- Canadian Open
The Canadian Open was first played in 1904, nine years after the Canadian Amateur Championship had been established. A co-organized event by Golf Canada (previously known as the Royal Canadian Golf Association) and the PGA Tour, it’s one of the oldest running tournaments on the professional circuit in North America. The inaugural Open was won by the English-born professional at Royal Ottawa, Jack Oke, who outscored nine other professionals and seven amateurs in the 36-hole contest.
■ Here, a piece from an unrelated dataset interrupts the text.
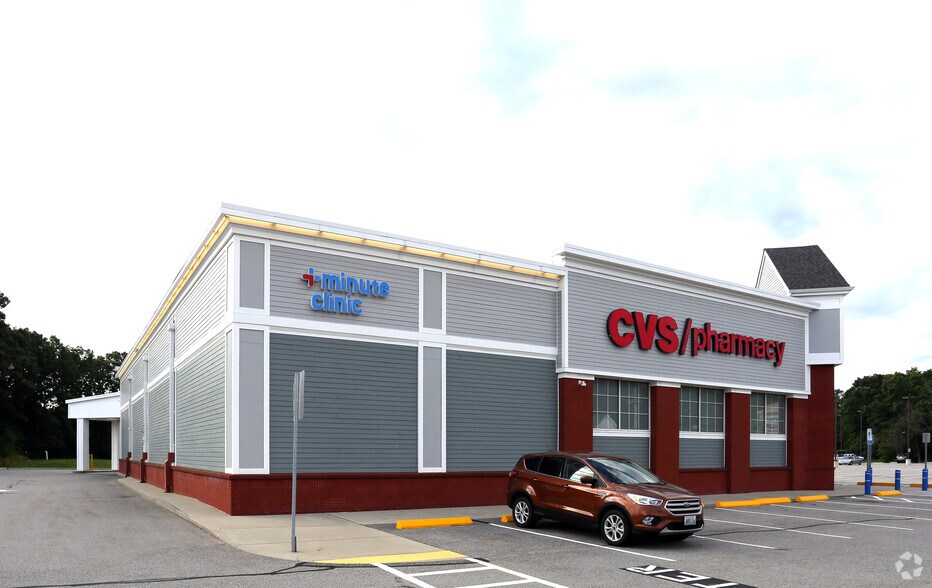 More Photos Of 1479 Newman Ave, Seekonk General Retail For Sale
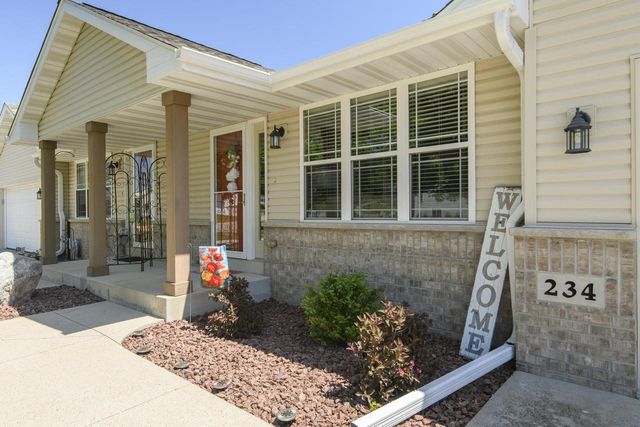 234 Brookside DRIVE, Mayville, WI 53050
Royal Montreal Golf Club, founded in 1873, is the oldest golfing society in North America so it was fitting that the first Canadian Open championship should be hosted at the club’s former location in Dorval. Another four Opens would be held there before the club moved to its present site, where a further five editions have since been contested between 1975 and 2014.
Early winners of this stroke play competition – including James Douglas Edgar who won by a record margin of 16 shots at Hamilton in 1919 – were presented with a gold medal but the Rivermead Cup was introduced when the event was held at Rivermead Golf Club in 1920. New sponsors then presented new trophies: first The Seagram Gold Cup in 1936, followed by The Du Maurier Trophy in 1971.
In 1994, with tobacco companies no longer in favour, the RCGA commissioned a new sterling silver trophy with a map of Canada etched onto the top dome, emblematic maple leaves cupping the bowl and enamelled flags of the various provinces and territories positioned around the circumference of the dome. The base of Canadian maple is inscribed with the names of all the former champions.
Leo Diegel has won most Opens, claiming four titles between 1924 and 1929. Three golfers have each won the event on three occasions: Tommy Armour (1927, 1930, 1934), Sam Snead (1938, 1940, 1941) and Lee Trevino (1971, 1977, 1979). Trevino’s last win saw him become the first to capture the triple crown of The Open, US Open and Canadian Open in the same year. Tiger Woods then emulated this feat twenty-nine years later.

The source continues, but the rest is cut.